This helper command is very simple, of course, but it is useful for people who are new to function writing, as it saves them having to look up what the basic structure of a function should be. Eventually, having written a few functions, writing this basic form of a function becomes second nature.

Add documentation markup

We do not want to leave the functions above in their present state. As simple as they are, we still want to write documentation that explains to the user what these functions do and how to use them. We write this documentation by adding roxygen2 comments above each function. These comments then get converted into R help pages.

Another very useful tool provided by the Code menu in RStudio is the Insert Roxygen Skeleton, whose keyboard shortcut is Ctrl + Shift + Alt + R. If we select the probs_to_odds function above, for example, and then choose Insert Roxygen Skeleton, or type Ctrl + Shift+ Alt + R, it adds in the following roxygen2 code above the function:

#' Title
#'
#' @param p 
#'
#' @return
#' @export
#'
#' @examples
probs_to_odds <- function(p) {
  p/(1-p)
}

Note that roxygen2 code is designated by the comment symbol followed by a ', i.e. #'.

We will now edit this code to write our documentation. Although there is a lot that we can do with roxygen2, see the roxygen2 package vignettes, we will keep things minimal. We will add a title, a description of what the function does, explain the input arguments, explain what the function returns, and provide examples of how to use the function.

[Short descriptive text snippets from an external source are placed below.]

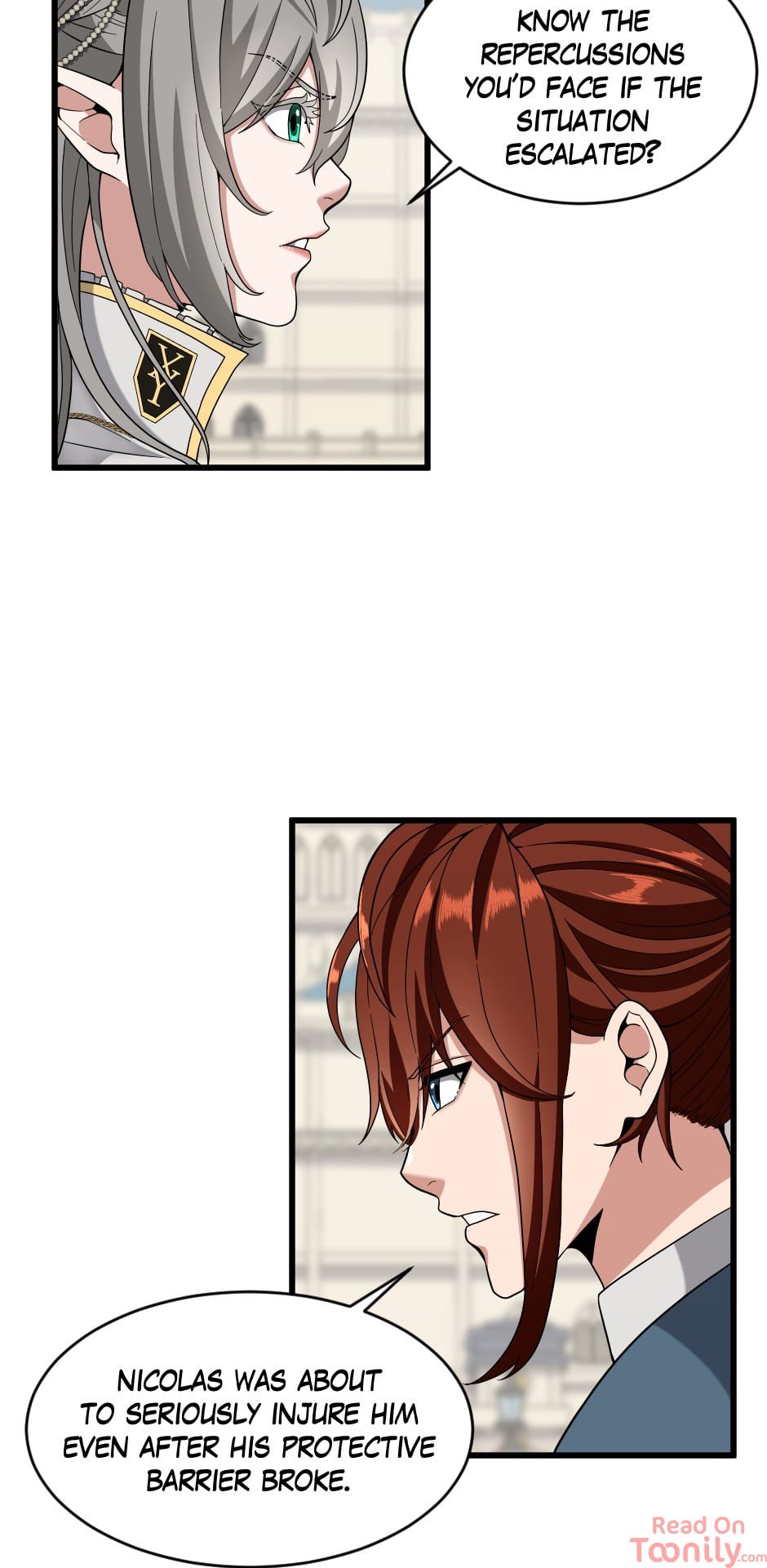 The Beginning After the End Manhwa - Chapter 88 Page 36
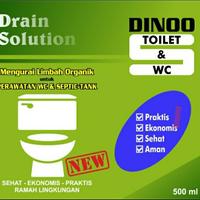 Gambar DInoo solusi wc toilet septik tank penuh mampet tanpa sedot plong dari green shops undefined 2 Tokopedia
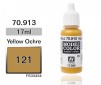 Peinture Acrylique Model Color (17ml) - Matt Yellow Ochre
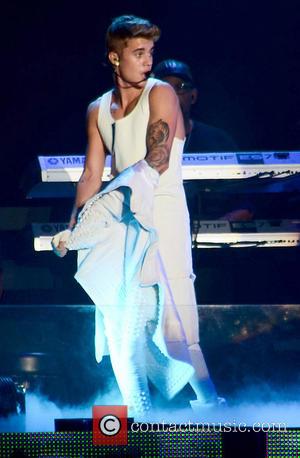 Justin Bieber - Justin Bieber performs live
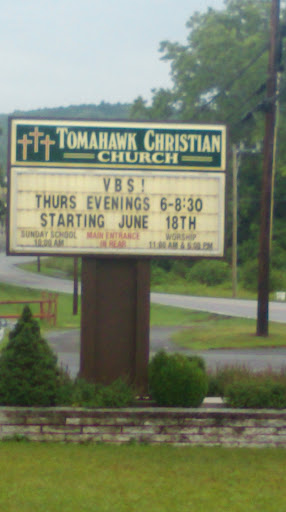 Tomahawk Christian Church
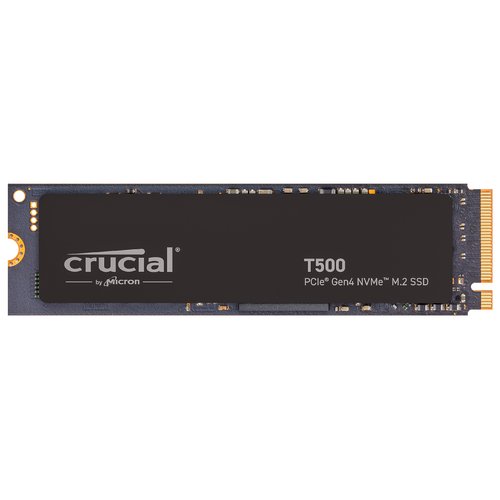 Crucial T500 2TB – dysk SSD M.2 2280 NVMe PCIe 4.0 (CT2000T500SSD8)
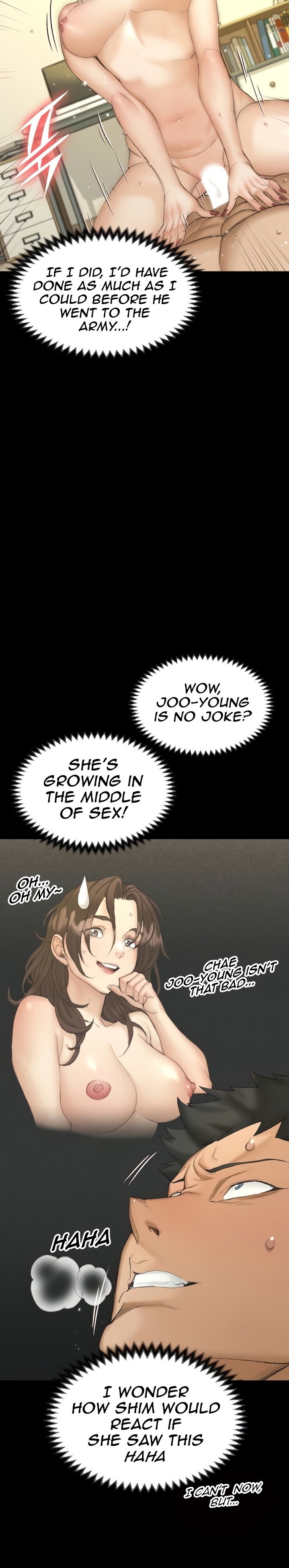 His Place chapter 141 page 36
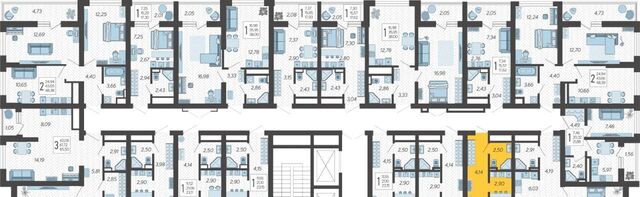 ЖК «Кислород» 5 фото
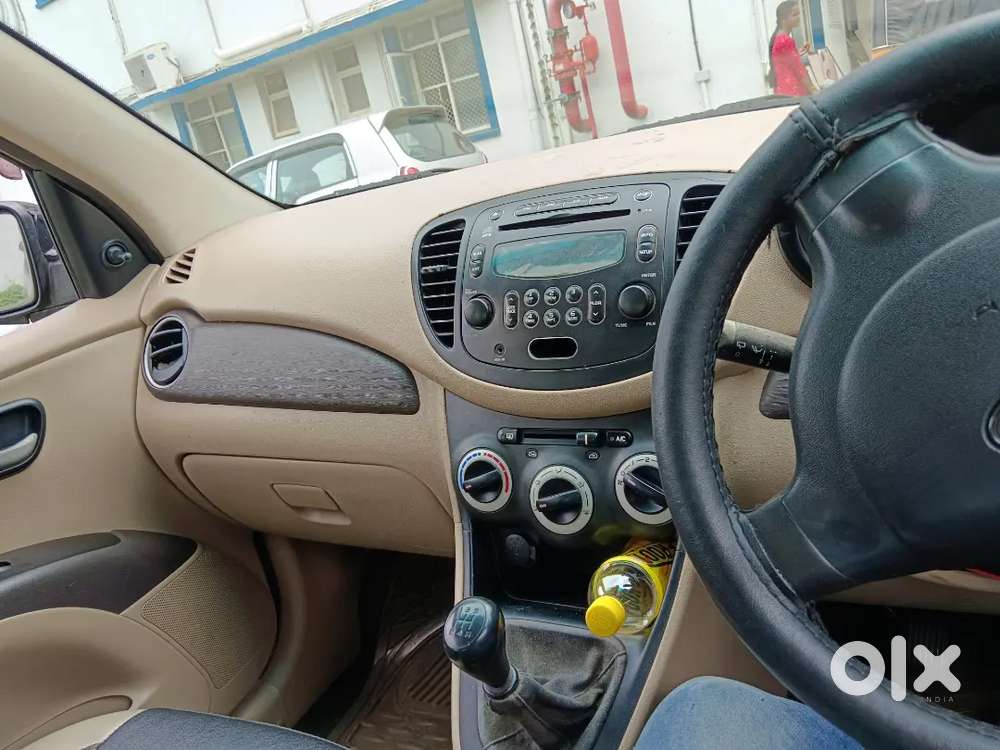 Hyundai I10 2009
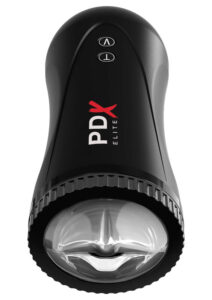 Moto Stroker - Automatisk Masturbator med Vibration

How to do this is best seen through an example, such as the following:

#' Convert probabilities to odds
#'
#' Odds are an alternative means to quantify probabilities of events.
#' If the probability of an event has a value `p`, the odds corresponding
#' to `p` is `p/(1-p)`.
#'
#' @param p A numeric vector of probabilities, which are values between 0.0 
#'  and 1.0.
#'
#' @return A numeric vector of odds, which are values between zero and infinity.
#' @export
#'
#' @examples
#' p <- c(0.25, 0.5, 0.75)
#' probs_to_odds(p)
probs_to_odds <- function(p) {
  p/(1-p)
}

As we can see, we write the title is the first line. There is a blank line after that, and then there is a paragraph. This paragraph is the function’s description. We then explain the meaning of the function’s input arguments. In this case, there is just one such argument. We then explain what type of object is returned by the function. The @export statement states that we want this probs_to_odds function to be exported by our package. When creating the documentation, roxygen2 will use this statement to edit the NAMESPACE file to state that probs_to_odds function is exported. Finally, we provide some examples of how this function should be used.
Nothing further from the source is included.